Trinity rises to 61st place in QS World University Rankings 2013

Posted on: 10 September 2013

Trinity College Dublin has climbed six places this year to 61st position in the QS World University Rankings 2013 announced today.

The move consolidates Trinity’s position as Ireland’s highest ranked university and among the world’s leading higher education institutions.

The Provost of Trinity, Dr Patrick Prendergast, said the rankings place the university among the best in the world – and he urged the Government to co-invest with Trinity to secure Ireland’s future as an economy and society.

‘Trinity, now in our fifth century of intellectual endeavour, is a research-led university, generating cutting-edge outputs whose extraordinary national and international impact is acknowledged by these latest rankings. This year’s score for our research is our highest ever. Our campus companies and technology transfers emerge from the research we conduct. Trinity now accounts for one-fifth of all spin-out companies from Irish higher education institutions, helping to turn Ireland into an innovation-intensive, high-productivity economy. Trinity is at the heart of the national push to attract talent to Ireland, nurture existing talent, and turn good ideas into sustainable jobs,’ said Dr Prendergast.

The QS World University Rankings 2013 show Trinity also scored well on teaching quality.

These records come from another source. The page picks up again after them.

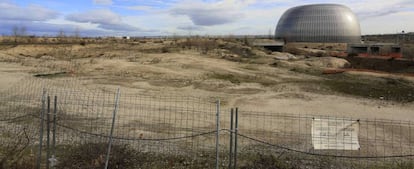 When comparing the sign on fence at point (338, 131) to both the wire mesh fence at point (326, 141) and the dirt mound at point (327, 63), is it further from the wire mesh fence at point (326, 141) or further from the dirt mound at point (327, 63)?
the dirt mound at point (327, 63)

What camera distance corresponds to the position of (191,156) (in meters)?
8.82

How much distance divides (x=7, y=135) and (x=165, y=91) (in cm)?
1125

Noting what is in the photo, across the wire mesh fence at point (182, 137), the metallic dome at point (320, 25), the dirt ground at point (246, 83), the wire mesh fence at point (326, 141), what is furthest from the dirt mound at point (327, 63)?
the metallic dome at point (320, 25)

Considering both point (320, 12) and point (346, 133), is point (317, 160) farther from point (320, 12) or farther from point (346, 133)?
point (320, 12)

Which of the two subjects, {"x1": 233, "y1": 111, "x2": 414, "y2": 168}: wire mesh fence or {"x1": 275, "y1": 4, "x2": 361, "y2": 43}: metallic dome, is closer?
{"x1": 233, "y1": 111, "x2": 414, "y2": 168}: wire mesh fence

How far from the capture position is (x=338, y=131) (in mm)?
6684

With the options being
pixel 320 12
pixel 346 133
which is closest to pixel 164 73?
pixel 346 133

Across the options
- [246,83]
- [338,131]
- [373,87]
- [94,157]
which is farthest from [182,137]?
[373,87]

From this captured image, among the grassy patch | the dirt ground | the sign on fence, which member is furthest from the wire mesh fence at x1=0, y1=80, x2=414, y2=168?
the grassy patch

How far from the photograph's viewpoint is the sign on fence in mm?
6583

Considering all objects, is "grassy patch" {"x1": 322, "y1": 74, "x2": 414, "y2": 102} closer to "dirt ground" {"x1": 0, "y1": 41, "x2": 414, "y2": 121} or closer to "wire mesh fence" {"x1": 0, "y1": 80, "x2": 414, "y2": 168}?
"dirt ground" {"x1": 0, "y1": 41, "x2": 414, "y2": 121}

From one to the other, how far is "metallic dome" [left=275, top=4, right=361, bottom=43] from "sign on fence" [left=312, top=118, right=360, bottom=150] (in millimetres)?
91020

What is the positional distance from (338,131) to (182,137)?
4.51m

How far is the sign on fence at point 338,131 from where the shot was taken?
6.58m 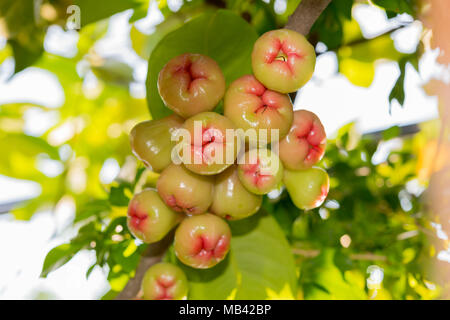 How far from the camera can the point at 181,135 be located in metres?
0.46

‘Our scores for student-staff ratio and graduate employability also improved this year, attesting strongly to the quality of a Trinity education which places research-led teaching and student-centred learning at the heart of our academic mission. We are building support among higher education institutions across the world, reflected in our improved score for academic reputation, and this is key to Trinity’s drive to become a university of global consequence,’ said Dr Prendergast.

QS’ individual subject rankings showed significant increases for Trinity in Arts and Humanities; Natural Sciences, Social Sciences and Management; Engineering and Technology; and Life Sciences and Medicine. This year’s subject rankings have used a new methodology of academic reputation, employer reputation, as well as research impact.

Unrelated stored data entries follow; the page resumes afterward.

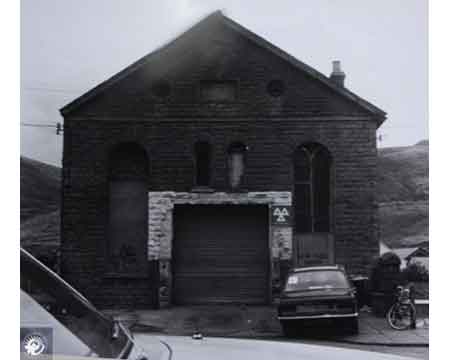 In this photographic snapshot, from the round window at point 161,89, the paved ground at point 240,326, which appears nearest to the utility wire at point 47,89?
the paved ground at point 240,326

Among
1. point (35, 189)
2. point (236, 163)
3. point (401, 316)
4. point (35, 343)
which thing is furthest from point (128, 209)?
point (35, 343)

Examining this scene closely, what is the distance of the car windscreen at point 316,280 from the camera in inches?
386

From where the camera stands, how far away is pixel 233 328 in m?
9.68

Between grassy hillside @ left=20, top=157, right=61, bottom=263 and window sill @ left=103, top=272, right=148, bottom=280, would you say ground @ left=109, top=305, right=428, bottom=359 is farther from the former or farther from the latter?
grassy hillside @ left=20, top=157, right=61, bottom=263

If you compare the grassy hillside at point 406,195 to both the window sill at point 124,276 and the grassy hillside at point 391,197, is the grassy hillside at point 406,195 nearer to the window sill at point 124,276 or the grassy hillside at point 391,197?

Despite Trinity’s rankings jump, the operating environment for higher education institutions in Ireland remains very challenging, with Government investment declining when student numbers are rising.

‘To secure Ireland’s economic recovery, and to build a stronger society, we need to invest in higher education where the conditions for new enterprise and participatory citizenship are forged and then taken out to the world by our graduates. Universities work best when Government works together with them in the economic and social advance of a country. This mutually enabling partnership is in danger of failing if fewer public resources are invested in the system and the brake on recruitment, through the Employment Control Framework, is allowed to persist.

‘Ireland’s investment in higher education is already well below par internationally. With the youngest demographic in Europe, Ireland is ideally placed to create a new generation of job creators, workers and engaged citizens whose ambitions are raised by their experience in university. The question for the Government ahead of next month’s Budget should not be whether we can afford to increase investment in higher education. The question is whether we can afford not to,’ said Dr Prendergast.